Sin hacer demasiado caso a sus comentarios, me volví hacia mis hombres y grité:
—¡Apartad los carros! ¡A vuestros animales!
Y en un instante las ataduras que unían entre sí a nuestros carros desaparecieron por obra de las quivas, y nuestros centenares de guerreros, el patético remanente de nuestros dos millares, se lanzaron hacia el frente de los paravaci, corriendo con sus kaiilas como si se encontrasen descansados y frescos, y entonando el grito de guerra tuchuk.
Hasta bien entrada la tarde no pude entrevistarme con Hakimba de los kataii ni con Conrad de los kassars. Nos encontramos en el campo de batalla y, como buenos hermanos de armas, nos abrazamos.
—Tenemos nuestros propios carros —dijo Hakimba—, pero también pertenecemos a los Pueblos del Carro.
—Lo mismo ocurre con nosotros —añadió Conrad de los kassars.
—Lo único que lamento es haberle enviado un mensaje a Kamchak —dije yo—. Lo más probable es que ahora ya se haya retirado de Turia para volver hacia los carros.
—No te preocupes —dijo Hakimba—. Hemos enviado jinetes a la ciudad al mismo tiempo que abandonábamos nuestro campamento. Kamchak tenía noticia de nuestros movimientos mucho antes que tú.
—Y de los nuestros también —dijo Conrad—. Le hemos enviado un mensaje informándole de nuestras intenciones.
—No sois malos tipos —dijo Harold—, para tratarse de un kataii y de un kassar, naturalmente. De todos modos, al marcharos, tened cuidado no os llevaréis ningún bosko ni ninguna mujer.
—Tranquilo —dijo Hakimba—. Los paravaci dejaron su campamento más bien desamparado.
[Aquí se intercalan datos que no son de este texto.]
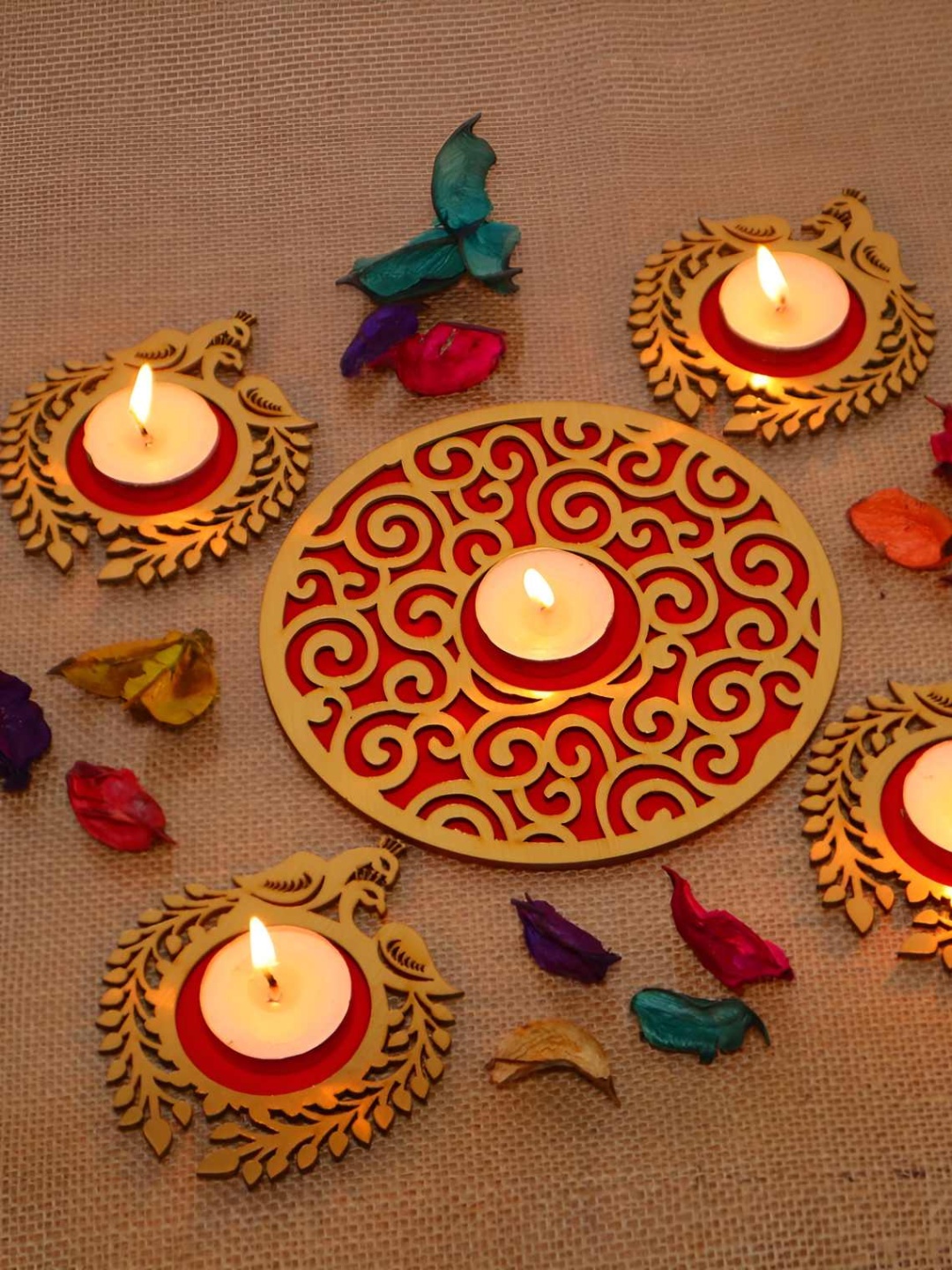 

HOME AUZAR Brown Textured Peacock Rangoli Set With T-Light Diya
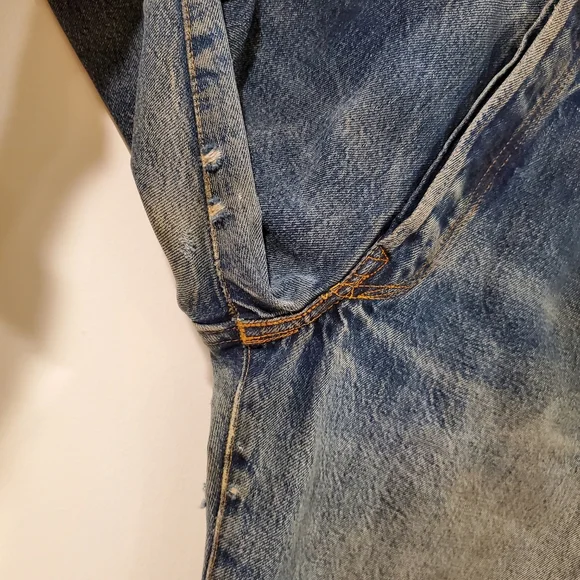 Levi's Big E Cropped Cuffed Selvedge Jean's Size 30x25.5 RARE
Habían desplazado todas sus fuerzas aquí.
Me eché a reír.
—Así es —corroboró Conrad—. La mayoría de los boskos de los paravaci están ahora en las manadas de los kataii y de los kassars.
—Supongo que los habrás dividido equitativamente —dijo Hakimba.
—Sí, creo que sí —repuso Conrad—. De todos modos, si no es así, siempre se pueden allanar las diferencias robando unos cuantos boskos.
—Sí, eso es cierto —reconoció Hakimba con una sonrisa que arrugó las cicatrices rojas y amarillas que atravesaban su rostro oscuro.
—Cuando los paravaci que se han escapado de nosotros lleguen a sus carros —dijo Conrad—, creo que se encontrarán con una buena sorpresa.
—¿Y eso? —pregunté.
—Hemos quemado muchos de sus carros... Todos los que hemos podido —explicó Hakimba.
—¿Y qué ha pasado con sus riquezas y sus mujeres? —preguntó Harold.
—Hemos tomado las que nos han gustado, tanto en lo que se refiere a riquezas como a mujeres... En cuanto a las riquezas que no nos gustaban, las hemos quemado, y a las mujeres que no eran de nuestro agrado las hemos desnudado, y allí se han quedado, llorando entre los carros.